Offer a pure Find Next/Prev option
Affects | Status | Importance | Assigned to | Milestone | |
---|---|---|---|---|---|
qpdfview |
Opinion
|
Undecided
|
Unassigned |
Bug Description
I'm using qpdfview 0.4.18 via Ubuntu 22.04 Snap.
I often work with large PDFs (thousands of pages) and searching for keywords in qpdfview feels slow, e.g. over 20s for a 3000+ page document.
It seems qpdfview tries to search for ALL keyword occurrences and cache their locations, while simultaneously servicing my "Find Next" clicks. Which should normally be a okay strategy, but it doesn't feel like it.

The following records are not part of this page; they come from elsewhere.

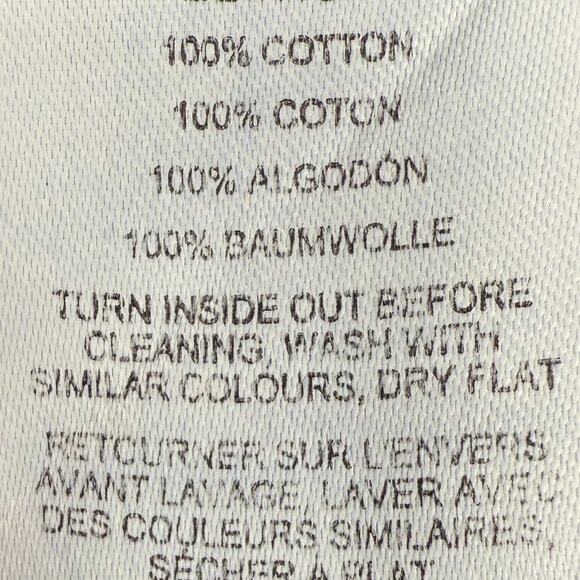 NWT Women's TOPSHOP Moto Distressed Denim Jean Mini Skirt | Size 2 - Picture 6 of 7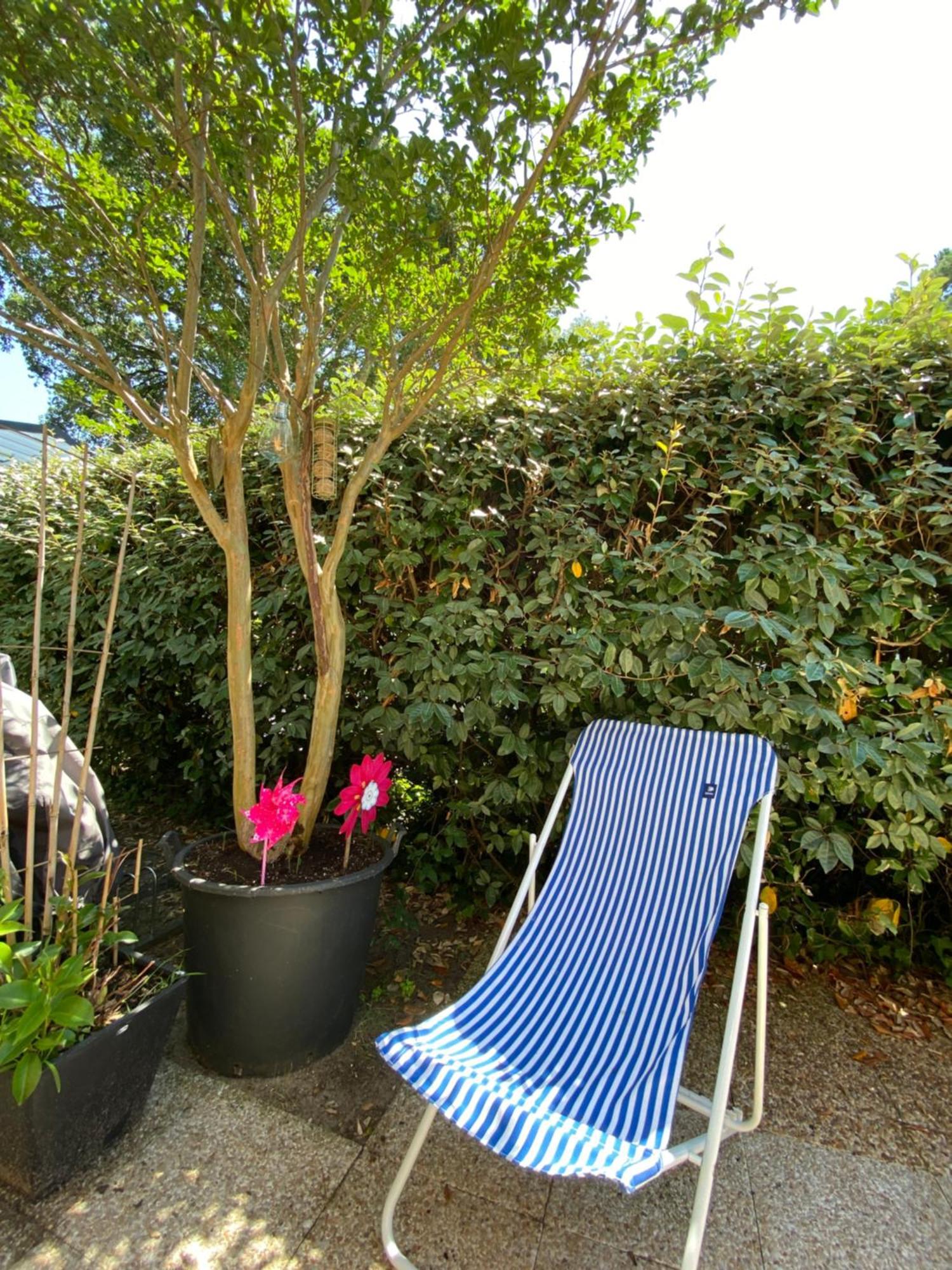 Le Lolipop Hotel Capbreton Buitenkant foto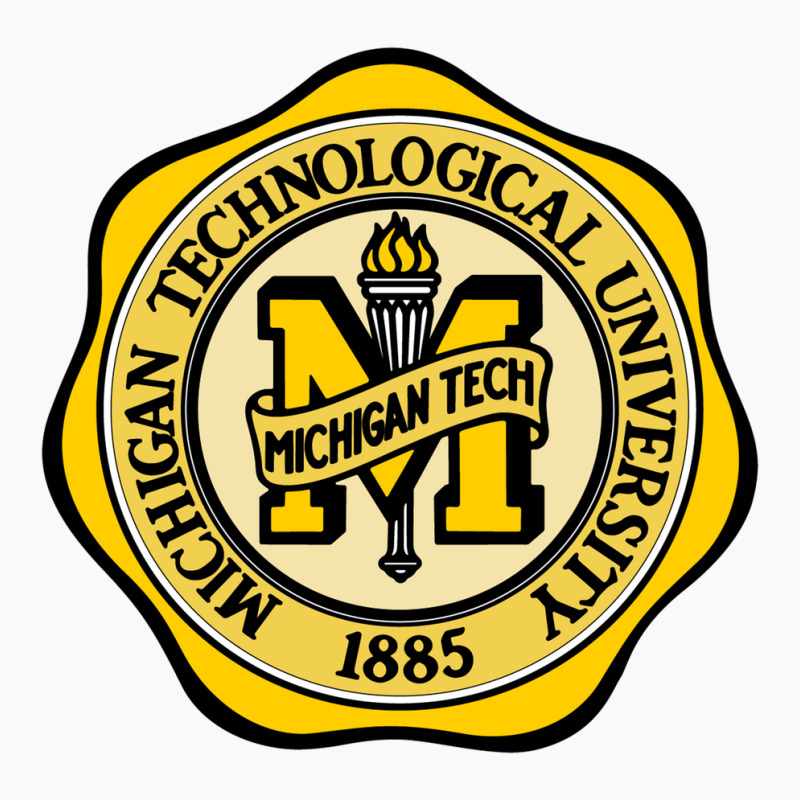 Michigan Technological University T-shirt | Artistshot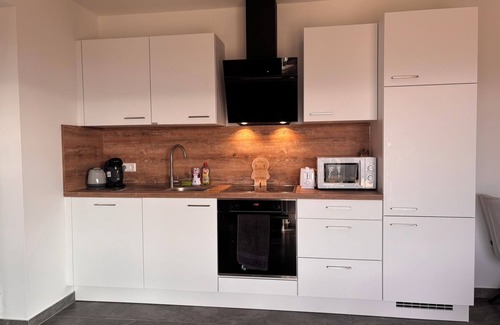 Weikersheim Apartment | Cozy hilltop stay in Weikersheim
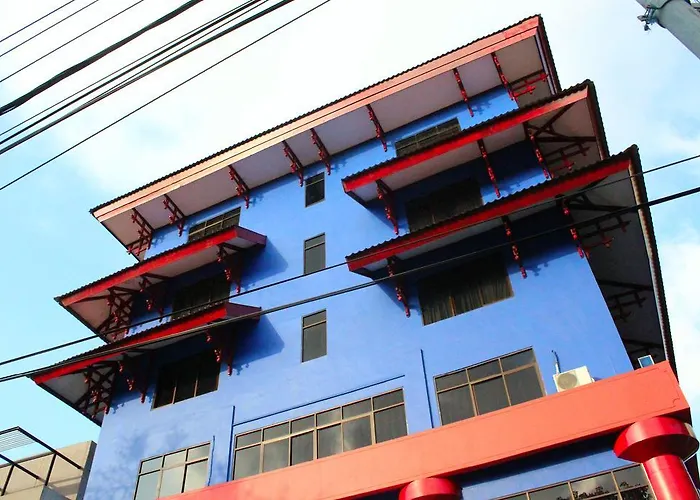 Zen Rooms Sam Ratulangi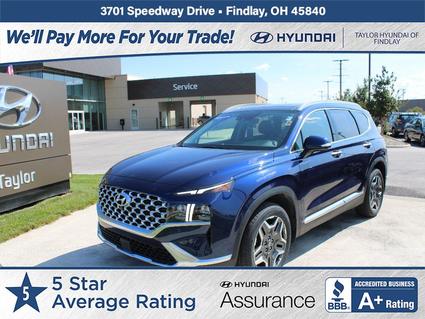 2022 Hyundai Santa Fe Findlay OH
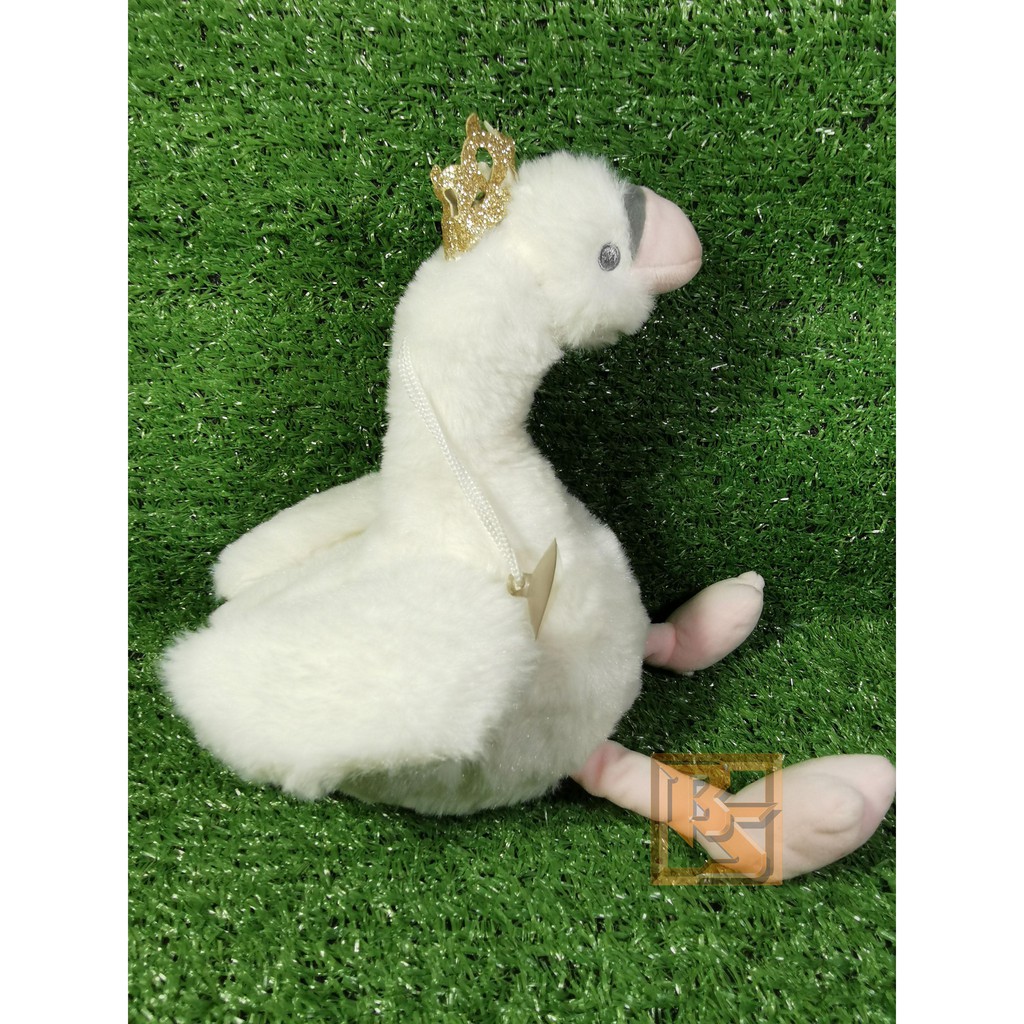 ตุ๊กตา-นกกระยาง-นกฟลามิงโก-flamingo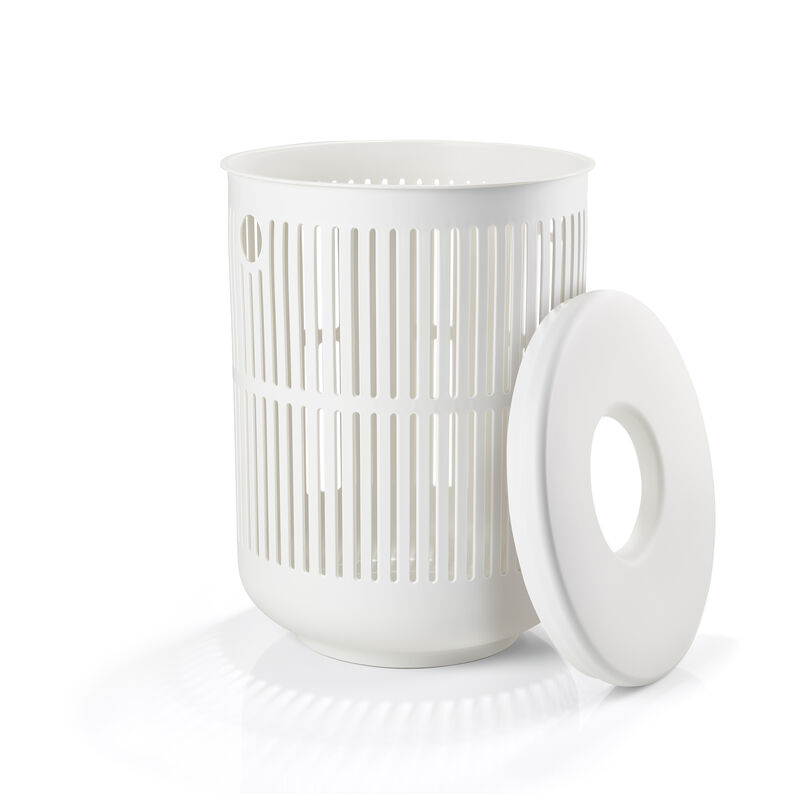 Ume W&auml;schekorb mit Deckel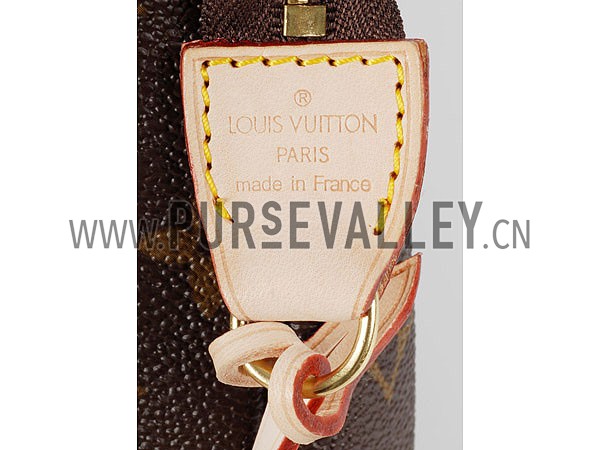 Accessoires Louis Vuitton Pochette Mono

When starting a new search, it even takes a few seconds to begin -- i.e. to forget the previous keyword, and begin searching for the new keyword. It is only after this delay that the very-long progress bar begins to progress. Let alone the time taken to search for that keyword across the document. The overall process just feels slow and unresponsive as a result.
You may want to contrast with Sumatra PDF, which simply searches for the next occurrence with lightning speed, even on Wine on Ubuntu. As the search progresses with each Find Next click, Sumatra caches the location of each result, until the search wraps. In this way, it never does more work than absolutely needed, and feels much faster as a result.
So, it would be great to have some config/setting so a user can specify the sort of search behaviour they want:
- A simple Find Next/Prev that just searches for the next occurrence and caches its location
- Or the default/current behaviour, where qpdfview searches for all occurrences
Did you try disabling the "Advanced search dock" on the "Interface" tab of the settings dialog which should already disable some of that overhead (not sure whether it already actually existed in 0.4.18 though).
Other than that, searching for all occurrences on a page is significantly faster in almost all documents due to the relatively high overhead the underlying libraries have for turning a given page into text. In current versions, all of this happens in the background and optionally in parallel which further reduces the time until results are ready. We even started out with the simpler implementation which tracks only a single current result and it was significantly more janky as searching for the next occurrence on a page is basically as fast/slow as searching for all occurrences on page with Poppler.
So in summary, while it may not be ideal for 3000+ page documents, I think this is still the best compromise given the libraries this program depends on.